It has been quite some time since we could say with complete confidence that an animated full-length feature film was the highlight of its opening weekend at the box-office, but such is the case for Dreamworks Animation's Puss in Boots,
a spin-off of the Shrek
series that is far livelier and far more entertaining than one could have ever expected. Of course, it should be noted that the opening weekend of Puss in Boots
is dotted with such cinematic mediocrity as Anonymous
and In Time.
Puss in Boots
is actually a prequel to the Shrek
films, though it has a decidedly different tone and look to it. It's important to note, as well, that Puss in Boots
is one of the rare films this year where the 3-D animation is actually worth it. The film's animation is richly layered and the action sequences, abundant in quantity, are also of tremendous quality. While the film is not up to Pixar's best, it certainly surpasses this year's Cars
sequel and it wouldn't be surprising to see it mentioned during the 2011 awards season.

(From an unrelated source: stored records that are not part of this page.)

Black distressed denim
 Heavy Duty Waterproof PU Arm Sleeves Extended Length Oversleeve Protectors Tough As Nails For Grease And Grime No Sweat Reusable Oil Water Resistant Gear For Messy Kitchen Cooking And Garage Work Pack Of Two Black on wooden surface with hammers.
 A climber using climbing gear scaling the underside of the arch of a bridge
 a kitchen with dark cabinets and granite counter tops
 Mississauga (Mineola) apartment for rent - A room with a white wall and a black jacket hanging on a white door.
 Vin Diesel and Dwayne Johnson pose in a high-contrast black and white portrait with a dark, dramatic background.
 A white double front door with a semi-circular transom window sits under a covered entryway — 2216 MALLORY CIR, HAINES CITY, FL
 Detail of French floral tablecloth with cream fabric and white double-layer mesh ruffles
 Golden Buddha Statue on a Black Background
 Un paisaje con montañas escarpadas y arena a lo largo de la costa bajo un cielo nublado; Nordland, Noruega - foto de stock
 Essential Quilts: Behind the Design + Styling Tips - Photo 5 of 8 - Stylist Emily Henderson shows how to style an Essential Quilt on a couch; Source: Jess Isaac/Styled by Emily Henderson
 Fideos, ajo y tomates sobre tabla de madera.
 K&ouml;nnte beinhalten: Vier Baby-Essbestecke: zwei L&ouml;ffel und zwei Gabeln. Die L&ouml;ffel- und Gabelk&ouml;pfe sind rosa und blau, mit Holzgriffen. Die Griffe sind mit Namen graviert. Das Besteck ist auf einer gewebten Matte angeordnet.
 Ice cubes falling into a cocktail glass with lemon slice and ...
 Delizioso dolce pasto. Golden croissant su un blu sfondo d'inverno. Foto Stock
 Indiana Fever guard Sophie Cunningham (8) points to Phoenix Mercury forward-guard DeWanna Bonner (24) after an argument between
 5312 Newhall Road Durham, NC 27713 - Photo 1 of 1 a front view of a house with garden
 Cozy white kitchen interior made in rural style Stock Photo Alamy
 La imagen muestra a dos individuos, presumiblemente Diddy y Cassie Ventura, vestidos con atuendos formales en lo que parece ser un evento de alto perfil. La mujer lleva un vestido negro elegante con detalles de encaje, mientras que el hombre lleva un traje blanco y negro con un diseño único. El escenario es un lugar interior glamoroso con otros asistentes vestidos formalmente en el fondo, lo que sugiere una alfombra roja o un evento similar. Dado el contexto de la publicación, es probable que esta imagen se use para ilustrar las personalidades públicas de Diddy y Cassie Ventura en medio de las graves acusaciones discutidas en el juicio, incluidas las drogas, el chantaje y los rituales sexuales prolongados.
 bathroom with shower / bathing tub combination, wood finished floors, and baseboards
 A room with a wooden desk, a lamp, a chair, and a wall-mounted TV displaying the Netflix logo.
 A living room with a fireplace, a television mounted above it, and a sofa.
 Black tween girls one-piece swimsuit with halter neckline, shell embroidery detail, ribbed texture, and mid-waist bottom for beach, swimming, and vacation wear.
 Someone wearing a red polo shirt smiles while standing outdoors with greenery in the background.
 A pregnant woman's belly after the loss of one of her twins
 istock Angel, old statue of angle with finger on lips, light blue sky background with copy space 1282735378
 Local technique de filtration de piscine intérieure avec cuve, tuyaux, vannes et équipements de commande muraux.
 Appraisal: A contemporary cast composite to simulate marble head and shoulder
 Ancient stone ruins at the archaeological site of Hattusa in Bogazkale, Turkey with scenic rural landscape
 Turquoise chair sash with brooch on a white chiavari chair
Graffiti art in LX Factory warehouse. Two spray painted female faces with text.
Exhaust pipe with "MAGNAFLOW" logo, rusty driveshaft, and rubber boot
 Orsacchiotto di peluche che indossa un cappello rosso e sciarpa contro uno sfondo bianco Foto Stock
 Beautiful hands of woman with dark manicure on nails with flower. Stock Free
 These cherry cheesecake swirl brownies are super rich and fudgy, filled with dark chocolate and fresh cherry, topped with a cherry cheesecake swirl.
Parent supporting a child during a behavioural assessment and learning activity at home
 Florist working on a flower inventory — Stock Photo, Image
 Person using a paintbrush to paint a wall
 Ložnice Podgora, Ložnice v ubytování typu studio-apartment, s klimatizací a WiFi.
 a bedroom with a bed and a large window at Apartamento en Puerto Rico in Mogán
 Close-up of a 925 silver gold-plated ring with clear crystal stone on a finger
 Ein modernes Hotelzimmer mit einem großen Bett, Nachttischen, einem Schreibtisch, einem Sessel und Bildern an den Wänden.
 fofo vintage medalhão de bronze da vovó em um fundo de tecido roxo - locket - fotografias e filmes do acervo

The script from a team of a writers doesn't cover any new ground and certainly doesn't reach the emotional resonance of a Pixar film, but Dreamworks is very much establishing itself as just a notch below the Pixar films with such recent fare as How to Train Your Dragon
and the Kung Fu Panda
Antonio Banderas is marvelous as Puss, bringing to his vocal work a vibrance and energy that would make you literally able to envision the action even if you weren't looking at the screen. Banderas is suave, debonaire, funny and simply everything you want Puss to be. The actor has had quite the year between this appearance and his appearance in Almodovar's controversial The Skin I Live In.
Salma Hayek is perfect as his foil and friend, Kitty Softpaws. Visually, the two enjoy a few really wonderful scenes that range from well choreographed sword fights to genuinely entertaining dance numbers. The story takes us back to Puss's childhood and his friendship with Humpty Dumpty (Zach Galifianakis), whose contributions to the film include one of the naughtier jokes to ever make its way into a kids' film (that it's almost assured the kids will never get).
Billy Bob Thornton and Amy Sedaris are here voicing Jack and Jill, whose magic beans become the target of a theft attempt by Humpty and Puss.
Director by Chris Miller, who also helmed the unfortunate Shrek the Third, Puss in Boots
unquestionably far surpasses just about anything that anyone could have expected from a film birthed out of a four film series. Even the most optimistic and devoted fan had to wonder if Puss in Boots
would be watchable. Surprisingly, it's one of the animated highlights of 2011.